On Tue, Feb 9, 2016 at 8:33 AM, David M. Karr
<davidmichaelkarr@gmail.com> wrote:
> On 02/08/2016 09:11 AM, Russel Winder wrote:
>>
>> On Tue, 2016-02-02 at 19:56 +0000, KARR, DAVID wrote:
>> […]
>>>
>>> With a  simple script like this:
>>> ----------------
>>> def cli = new CliBuilder()
>>> cli.with {
>>>    f(args: 1, optionalArg: true, "set a value")
>>> }
>>> def options = cli.parse(args)
>>> def fval = options.f
>>> println "fval[" + fval + "] class[" + fval.getClass().getName() + "]"
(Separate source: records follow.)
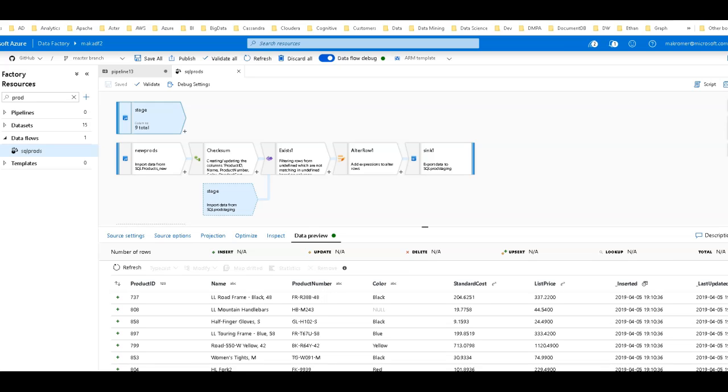Hey ADF fans, this video is going to talk about a topic that I get asked quite often about, which is how to use Data Factory to detect changes in source data so that you can pick out just the changed rows from that.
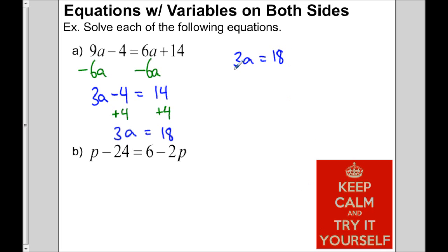We divide by 3 on both sides because 3 is next to the a. They divide out, so a equals 6.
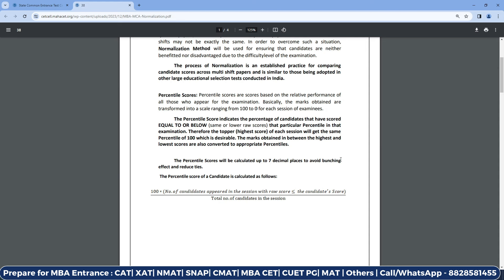Therefore, the topper — the highest scorer of each session — will get the same percentile of 100, which is desirable. So if you have the highest score in your slot, for example your score is 150 and no one else in that slot scored 150, then you will be at the 100th percentile of that particular slot. The marks obtained between the highest and lowest score are also converted to appropriate percentiles. The percentile score will be calculated up to 7 decimal places to avoid bunching effects and reduce ties.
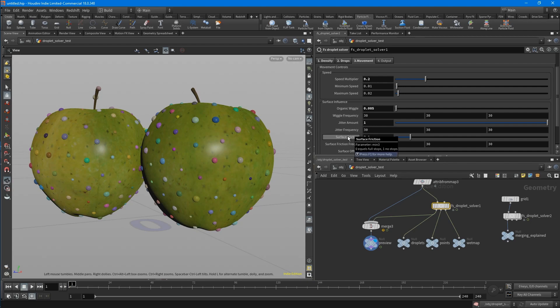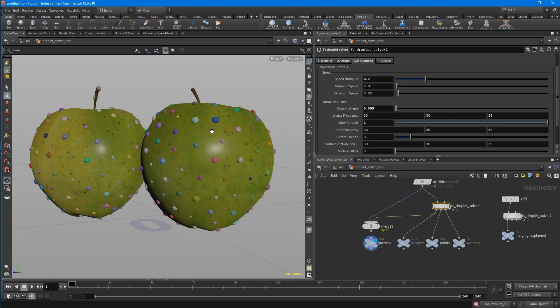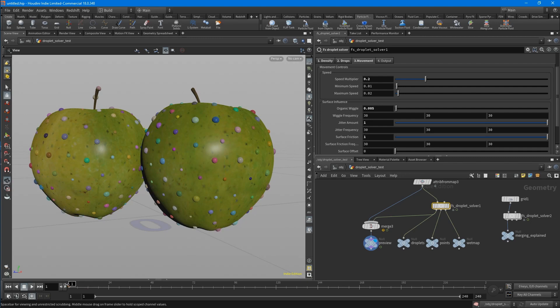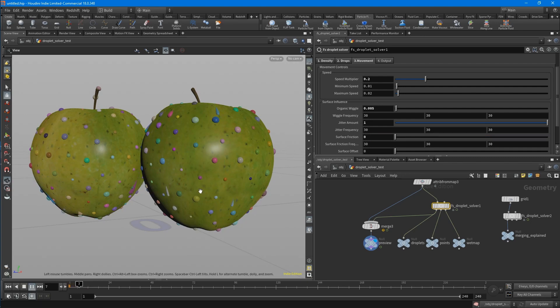Then there is the surface friction. 0 equals full stops and 1 no stops. So when they are going down the surface, there is a noise which says if you should stop from time to time or you should just go straight down. So if we put this to 1, you can see that the trails are not stopping at all. But if you put this to 0, you can see that they will come to full stops eventually.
>>> def fvalue = options.fs
>>> println "fvalue[" + fvalue + "]"
>>> ---
>>>
>>> If I run this with "-f abc", I get:
>>> --------------
>>> fval[abc] class[java.lang.String]
>>> fvalue[[abc]]
>>> ----------------
>>>
>>> But if I run it with "-f", I get:
>>> ------------
>>> fval[true] class[java.lang.Boolean]
>>> fvalue[true]
>>> -------------
>>
>> And if you run without -f on the command line you get:
>>
>> fval[false] class[java.lang.Boolean]
>> fvalue[false]
>>
>> So I think we are looking at this being a feature of options with the
>> optionalArg property set. Without it not having an argument to -f
>> fails.
>>
>>> I suppose I could hack something with this information, but I would
>>> think there would be something more explicit to tell me whether an
>>> argument was supplied for the option.
>>
>> Thinking about this, I would say it is right that this behaviour is a
>> feature, and that it is what the code has asked for: an option that can
>> deliver presence or a value. When the is a value deliver it, otherwise
>> deliver a Boolean stating whether the flag was present.
>>
>> Clearly managing this type of option is non-trivial, but I think this
>> is not a bug.
>>
> Thanks for doing that analysis.
>
> Whether it's a bug is debatable, but I think it's clear that overloading
> behaviors often create confusion.  A friendlier interface would separate the
> notion of "presence of the option" from "value of the argument".  However,
> doing that might make all references to options more verbose, which is
> certainly not ideal.
>
> I suppose an improvement could be made by just putting a little pseudocode
> algorithm in the doc that shows how you would either retrieve a value if
> it's present, or determine it's not there, I suppose by checking the class
> of the value returned from "options.<option>".  The only time you have a
> value is when the class is "java.lang.String".  Would that be correct?